/streamingpro

Build Spark Streaming Application by SQL

Primary LanguageScala

StreamingPro

This document is for StreamingPro developers. User's manual is now on its way.

Introduction

StreamingPro is not a complete application, but rather a code library and API that can easily be used to build your streaming application which may run on Spark Streaming and Storm.

StreamingPro also make it possible that all you should do to build streaming program is assembling components(eg. SQL Component) in configuration file. Of source , if you are a geek who like do every thing by programing,we also encourage you use API provided by StreamingPro which is more easy to use then original API designed by Spark/Storm.

Setup Project

Since this project depends on

you should install them in your local maven repository/private maven repository to resolve the dependency issue.

Step 1

git clone https://github.com/allwefantasy/csdn_common.git
cd csdn_common
mvn -DskipTests clean install

step 2

git clone https://github.com/allwefantasy/ServiceFramework.git
cd ServiceFramework
mvn -DskipTests clean install

step 3

git clone https://github.com/allwefantasy/ServiceframeworkDispatcher.git
cd ServiceframeworkDispatcher
mvn -DskipTests clean install

step 4

git clone https://github.com/allwefantasy/streamingpro.git

step 5

Import StreamingPro to your IDE.

Tips:

StreamingPro is a maven project and Intellj Idea is recommended cause it have more powerful scala support which make your coding life more easy.

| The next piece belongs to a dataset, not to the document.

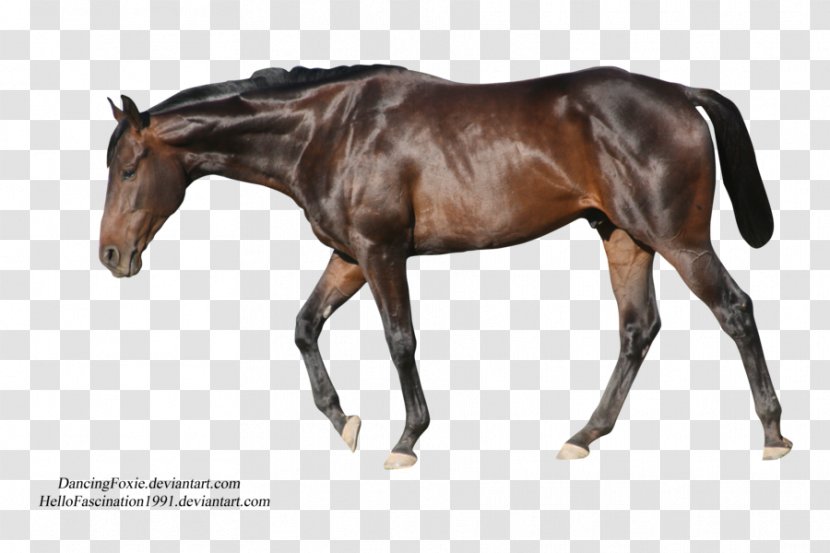 Stallion Horse Foal Transparent PNG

Run Your First Application

First make sure you have selected debug profile in your IDE,then you can run:

streaming.core.LocalStreamingApp

when stared , you can see some message like follow:

+---+---+
|  a|  b|
+---+---+
|  1|  5|
+---+---+

Congratulations, everything is fine and you just run your first Spark Streaming Application.

You can find strategy.v2.json in src/main/resource-debug directory which describe what your streaming application have done .

{
  "test": {
    "desc": "测试",
    "strategy": "streaming.core.strategy.SparkStreamingStrategy",
    "algorithm": [],
    "ref": [],
    "compositor": [
      {
        "name": "streaming.core.compositor.spark.streaming.source.MockInputStreamCompositor",
        "params": [
          {           
          }
        ]
      },
      {
        "name": "streaming.core.compositor.spark.streaming.transformation.SingleColumnJSONCompositor",
        "params": [
          {
            "name": "a"
          }
        ]
      },
      {
        "name": "streaming.core.compositor.spark.streaming.transformation.JSONTableCompositor",
        "params": [
          {
            "tableName": "test"
          }
        ]
      },
      {
        "name": "streaming.core.compositor.spark.streaming.transformation.SQLCompositor",
        "params": [
          {
            "sql": "select a, \"5\" as b from test",
            "outputTableName": "test2"
          }
        ]
      },
      {
        "name": "streaming.core.compositor.spark.streaming.transformation.SQLCompositor",
        "params": [
          {
            "sql": "select a,b from test2"
          }
        ]
      },
      {
        "name": "streaming.core.compositor.spark.streaming.output.SQLPrintOutputCompositor",
        "params": [
          {
          }
        ]
      }
    ],
    "configParams": {
    }
  }
}
  • Step1: Configure MockInputStreamCompositor to generate some lines.
  • Step2: Configure SingleColumnJSONCompositor to convert string to Json string.
  • Step3: Configure JSONTableCompositor to map Json to SQL table.
  • Step4: Configure multi SQLCompositor to process data
  • Step5: Finally, configure SQLPrintOutputCompositor to print result.

How To Add New Compositor

In StreamingPro,every transformation can be implemented by Compositor. Suppose you wanna implements map function in Spark Streaming and convert a line into json string.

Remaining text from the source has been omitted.